§ **Data**:
□ □ □ □
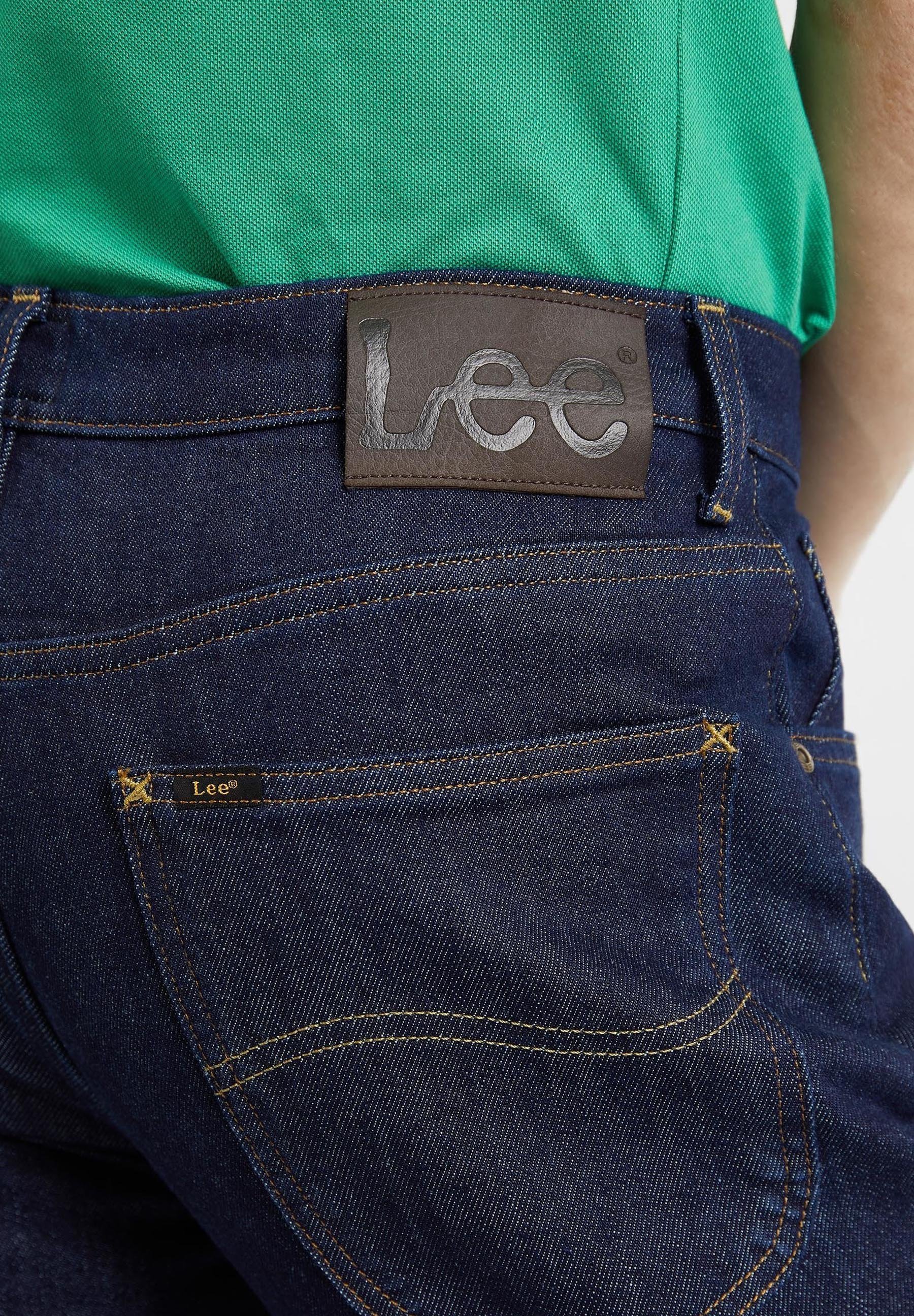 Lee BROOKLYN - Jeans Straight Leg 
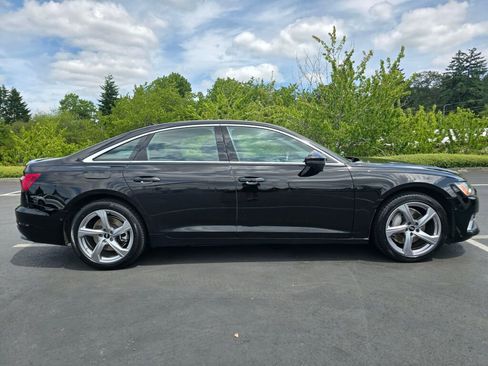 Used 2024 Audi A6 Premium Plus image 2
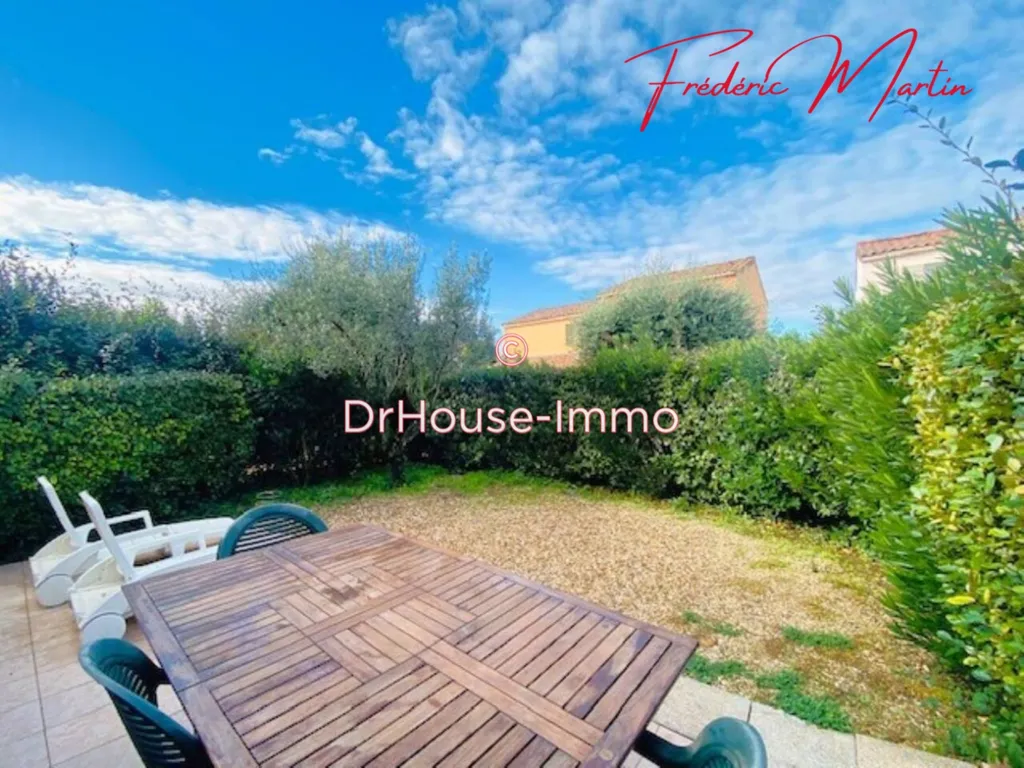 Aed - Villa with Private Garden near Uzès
□ □ □ □
Where the data contains an image, skip the image and copy everything else exactly as it appears.

 Lee BROOKLYN - Jeans Straight Leg 
 Used 2024 Audi A6 Premium Plus image 2
 Aed - Villa with Private Garden near Uzès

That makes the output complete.